The Yadoya Guesthouse in Nakano Ward, Tokyo, a small facility with seven rooms that charges only around ¥2,500 to ¥4,000 a night, downloaded Rakuten Inc.’s application called smartpay. After that, it only had to plug a small card reader into the smartphone’s headphone jack, swipe the guests’ cards through the reader and get their signature on the screen for authorization. Receipts are emailed to the guests.
Despite high demand from customers, the guesthouse could not afford to buy a conventional card reader needed for credit car payments. It started using the digital payment service last summer because it requires no initial investment. The response has been favorable, the manager said.
Tokyo-based Coiney Inc. and PayPal Inc. of the United States have started offering mobile payment services for smartphones and tablets in Japan.

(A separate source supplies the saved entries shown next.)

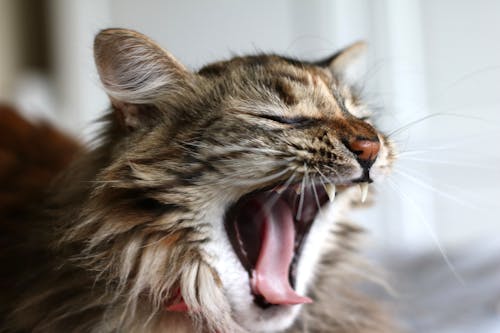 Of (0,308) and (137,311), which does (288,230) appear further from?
(0,308)

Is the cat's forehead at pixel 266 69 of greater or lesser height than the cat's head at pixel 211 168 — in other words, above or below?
above

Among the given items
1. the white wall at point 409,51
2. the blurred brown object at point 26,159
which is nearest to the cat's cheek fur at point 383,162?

Compared with a conventional card-reading setup, which costs around ¥50,000 to ¥100,000 plus a commission of 5 percent to 7 percent per-transaction, no initial hardware costs are charged and the typical transaction fee is less than 4 percent.
Furthermore, the money will be credited to their bank accounts within several days of the transaction, is much shorter than the month or half a month it takes for a conventional credit card service.
As an experiment, PayPal last November launched a new mobile check-in and payment service allowing people who have installed its application and registered their credit card data and photo in advance, to pay automatically once their face has been identified.